REQUIRED ACTION >> Given the material below, return only the lines starting at the line with "Rarely Used Red" and ending at the line with "得物/精品大货风衣男中长款斜", exactly as they appear.

DATASET RECORDS >>
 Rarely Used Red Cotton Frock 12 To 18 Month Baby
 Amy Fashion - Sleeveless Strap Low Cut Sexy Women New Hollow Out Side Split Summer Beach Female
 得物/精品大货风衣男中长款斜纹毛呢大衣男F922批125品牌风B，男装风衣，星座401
---
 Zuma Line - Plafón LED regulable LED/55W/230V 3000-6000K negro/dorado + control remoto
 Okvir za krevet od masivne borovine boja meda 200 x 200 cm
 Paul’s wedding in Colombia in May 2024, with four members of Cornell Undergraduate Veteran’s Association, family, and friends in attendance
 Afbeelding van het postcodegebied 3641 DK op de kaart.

SOLUTION TO THE PROBLEM >>
 Rarely Used Red Cotton Frock 12 To 18 Month Baby
 Amy Fashion - Sleeveless Strap Low Cut Sexy Women New Hollow Out Side Split Summer Beach Female
 得物/精品大货风衣男中长款斜纹毛呢大衣男F922批125品牌风B，男装风衣，星座401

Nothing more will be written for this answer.